As the education privatization movement has spread across the country, school voucher programs have become more common and more expansive in many states. These programs use taxpayer dollars to provide scholarships to families to send their children to nonpublic schools. Like many voucher programs, North Carolina’s Opportunity Scholarship Program, which was created by the General Assembly in 2013, was originally reserved for families with limited financial resources. In order to qualify, applicants also had to have been enrolled previously in public schools. Proponents of the program argued that it would provide “choice” for families who felt their local public school was not the right fit for their children but would otherwise not be able to afford private school tuition.
A decade after its creation, North Carolina lawmakers passed dramatic changes to the Opportunity Scholarship Program, allowing any family to qualify regardless of income or whether they had ever enrolled in public school. Under the new “universal” voucher program, the state’s wealthiest families are eligible to receive public funds to subsidize their private school tuition. Expanded access has come with a hefty price tag for taxpayers–nearly half a billion dollars was sent to private schools through vouchers in the 2024-25 school year, and planned appropriations through 2032-33 will total approximately $7 billion, while local public schools that serve 84% of students in the state are among the lowest-funded in the nation.

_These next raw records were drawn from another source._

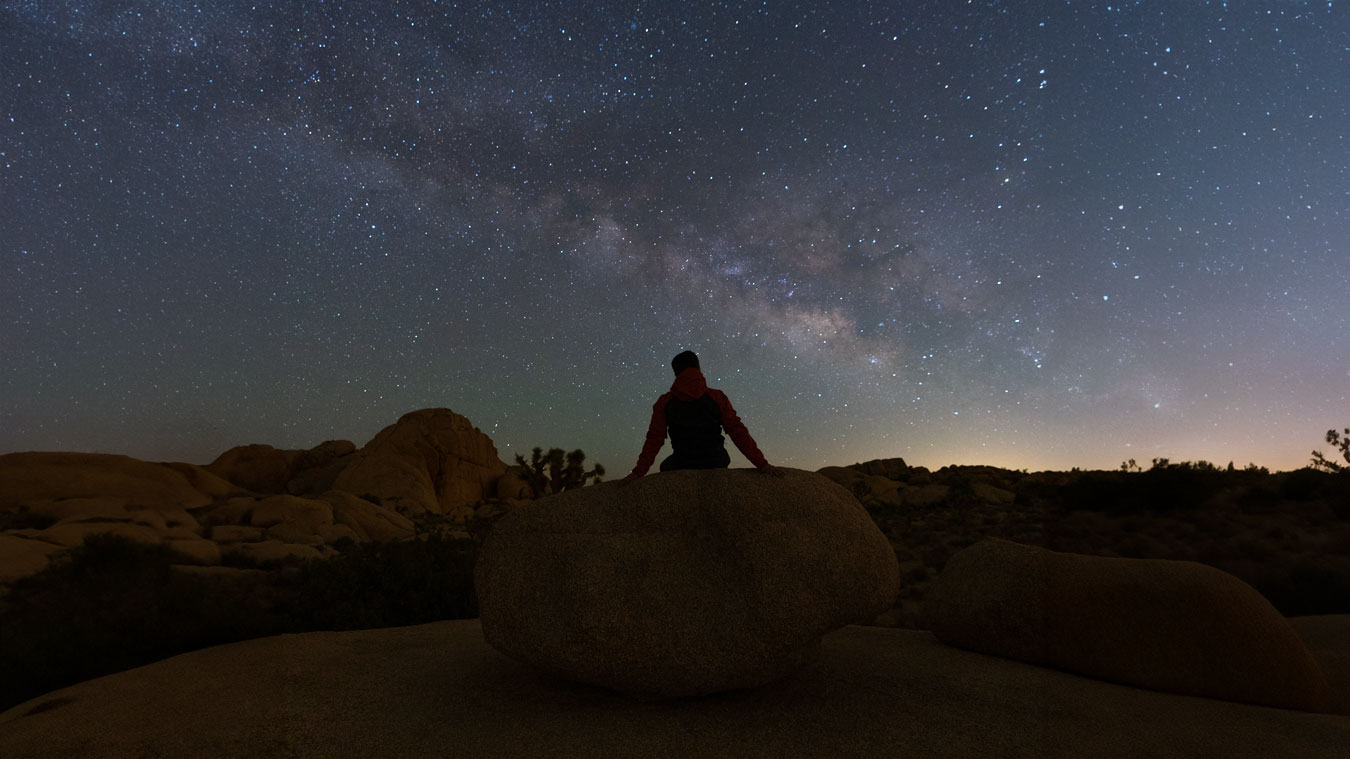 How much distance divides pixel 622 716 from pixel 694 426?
8.81ft

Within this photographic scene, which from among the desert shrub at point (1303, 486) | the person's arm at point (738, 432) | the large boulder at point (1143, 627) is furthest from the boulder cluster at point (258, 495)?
the desert shrub at point (1303, 486)

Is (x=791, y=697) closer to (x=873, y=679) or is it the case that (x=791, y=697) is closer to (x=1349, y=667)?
(x=873, y=679)

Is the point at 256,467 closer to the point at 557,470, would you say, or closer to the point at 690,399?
the point at 557,470

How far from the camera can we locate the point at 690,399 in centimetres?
625

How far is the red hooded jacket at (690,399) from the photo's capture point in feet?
20.3

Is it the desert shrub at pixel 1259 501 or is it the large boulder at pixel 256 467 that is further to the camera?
the large boulder at pixel 256 467

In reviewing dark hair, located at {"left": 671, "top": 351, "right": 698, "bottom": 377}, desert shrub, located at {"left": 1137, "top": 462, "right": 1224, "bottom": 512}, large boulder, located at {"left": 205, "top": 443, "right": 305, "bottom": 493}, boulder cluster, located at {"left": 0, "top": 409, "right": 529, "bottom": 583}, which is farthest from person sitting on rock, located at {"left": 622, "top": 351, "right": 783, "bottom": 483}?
large boulder, located at {"left": 205, "top": 443, "right": 305, "bottom": 493}

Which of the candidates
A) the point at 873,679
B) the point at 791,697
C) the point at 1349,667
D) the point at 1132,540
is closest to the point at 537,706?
the point at 791,697

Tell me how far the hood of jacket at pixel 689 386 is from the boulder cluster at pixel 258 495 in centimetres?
1479

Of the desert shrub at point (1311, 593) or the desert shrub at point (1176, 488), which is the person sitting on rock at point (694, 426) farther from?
the desert shrub at point (1176, 488)

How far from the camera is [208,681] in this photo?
5898 millimetres

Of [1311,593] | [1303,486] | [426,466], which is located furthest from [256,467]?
[1303,486]

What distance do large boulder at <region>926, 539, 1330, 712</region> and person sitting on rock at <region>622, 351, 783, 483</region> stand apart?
3141 millimetres

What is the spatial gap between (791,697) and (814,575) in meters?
A: 1.20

This report addresses several critical questions about school vouchers in North Carolina, using data from the first year since universal expansion: Is the program actually providing more choice to parents and students? Who has access to the private schools that receive voucher funding, and who is benefitting most? What information is publicly available to prospective parents about the quality of private schools they may be considering for their children? To what extent are private schools receiving vouchers held accountable to the taxpayers who fund them?